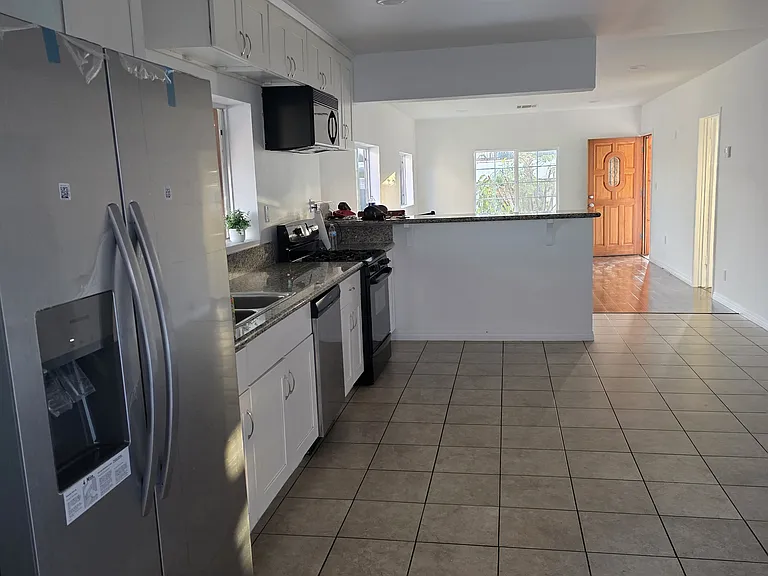 1638 S Berendo St — Photo 7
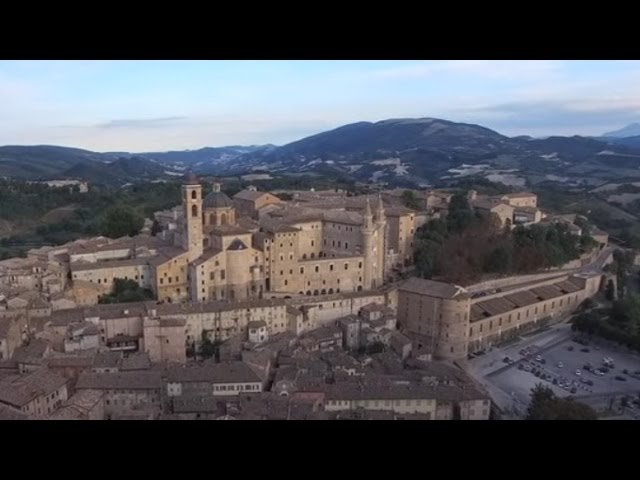 idee di viaggio nell'entroterra marchigiano e romagnolo, Terre di confine: il Montefeltro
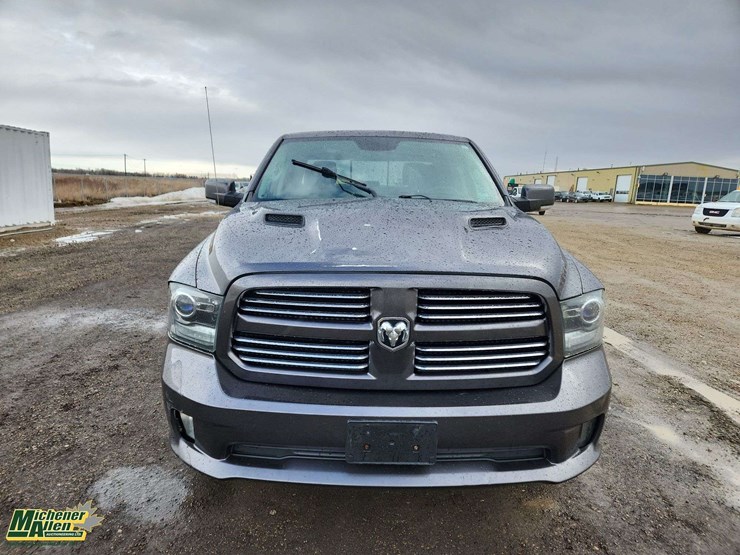 2016-dodge-1500-image-9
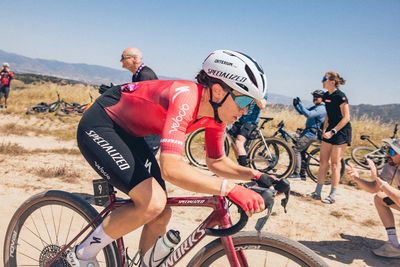 Sea Otter Classic Gravel: Bradyn Lange holds off Keegan Swenson to take men's victory while Sofia Gomez Villafañe fends off Lauren Stephens in women's race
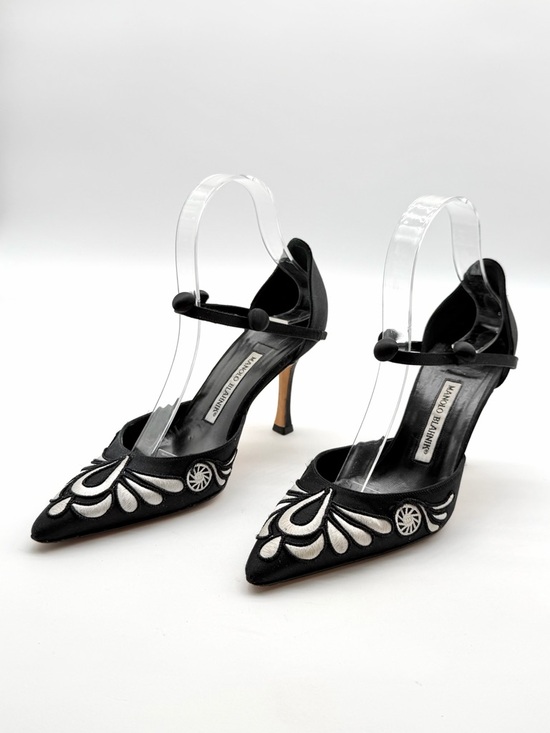 Manolo Blahnik Shoes - Manolo Blahnik Vintage 2007 Limited Edition  Embroidered Satin Pumps Heels EU 37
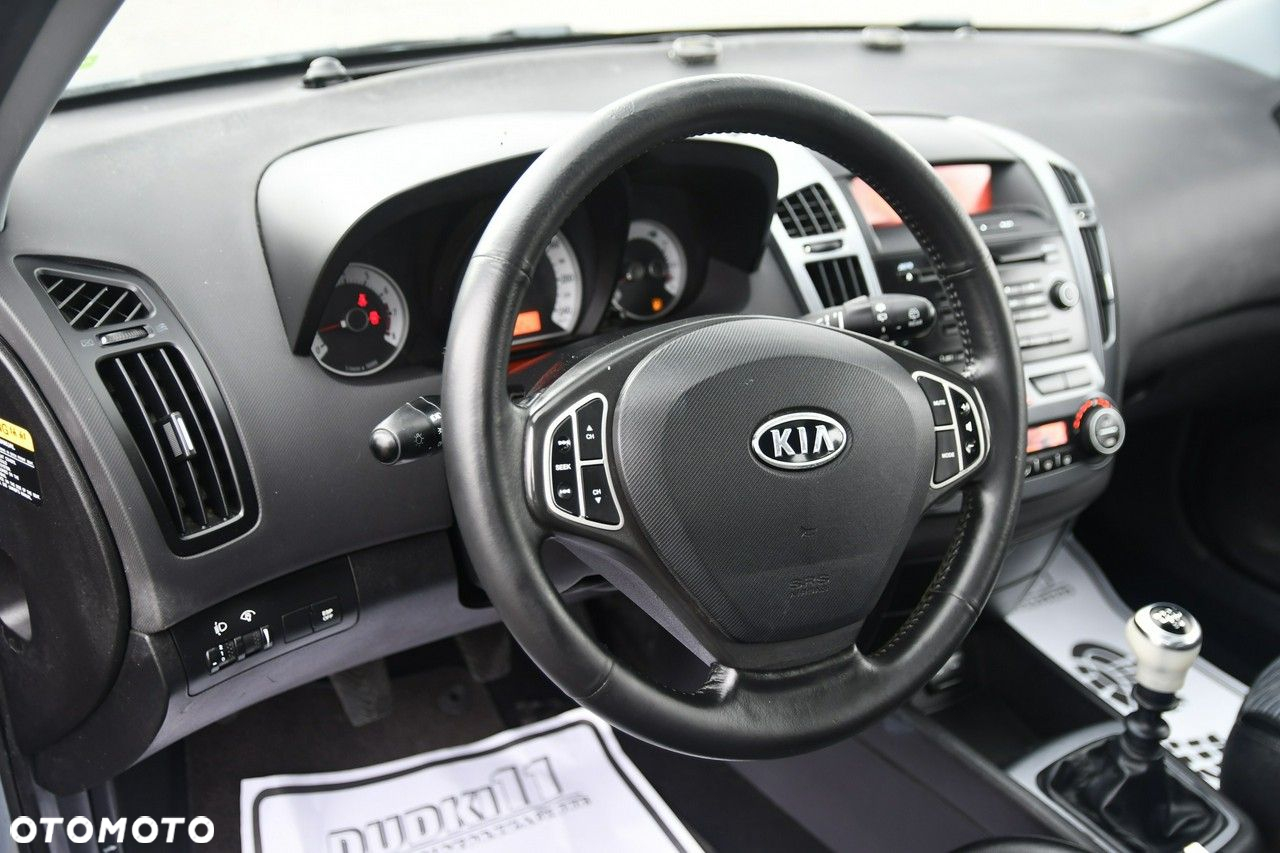 Kia Ceed - 12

[Problem requirements] Each line from the one containing "Sea Otter Classic" through the last line of the data should be written out exactly. Skip the pictures, and add no other lines.

[Task response]
 Sea Otter Classic Gravel: Bradyn Lange holds off Keegan Swenson to take men's victory while Sofia Gomez Villafañe fends off Lauren Stephens in women's race
 Manolo Blahnik Shoes - Manolo Blahnik Vintage 2007 Limited Edition  Embroidered Satin Pumps Heels EU 37
 Kia Ceed - 12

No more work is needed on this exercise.